Abstract

Influenced by the northern hemisphere high-latitudes, many of the millennial-centennial scale climate changes originating in the North Atlantic have been detected even in southern hemisphere. However, the linkage between hemispheres on orbital-suborbital time scales has not been firmly examined due to the absence of records from the Southern Hemisphere. Here we present such a record from Bromfield Swamp in tropical northeastern Australia. The Australian Summer Monsoon index (AuSMI) of the last 13.5 ka was reconstructed basd on the principal component analysis (PCA) of five proxies, the Rb/Sr, Ti/Ca, Al/Ca, mean grain size and organic content. The results reflected a weak AuSM influence during the Bolling-Allerod event and with a somewhat stronger influence during the YD event.
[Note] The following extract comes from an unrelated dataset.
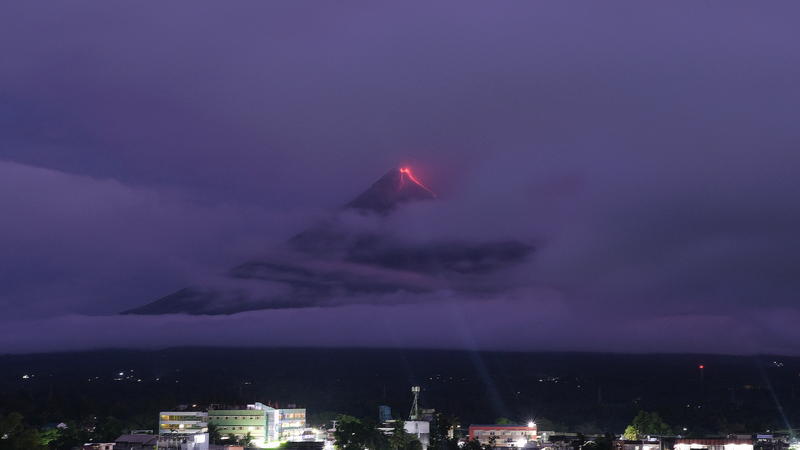 Mayon_Volcano_Eruption_Prompts_Mass_Evacuations_in_Philippines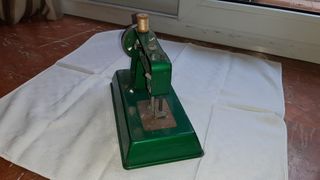 Juguete antiguo máquina de coser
During the Holocene, there was a decreasing AuSM before ~7.8 cal kyr BP, and then it enhanced from middle to late Holocene. The AuSM change was out of phase/ in phase with the East Asian summer monsoon/ East Asian winter monsoon during the Holocene, and all of them changed parallel with the northern-southern hemisphere temperature gradient. This implied the dominance of interhemispheric thermal contrast to the highly coupled East Asian-Australian monsoon changes, by modulating the Intertropical Convergence Zone migration, which was influenced by the retreat of northern hemisphere ice sheet from early to middle Holocene and the local summer insolation changes during the late Holocene. The study highlights the likelihood that high latitude northern hemisphere played a major role in the evolution of the northeastern Australian summer monsoon.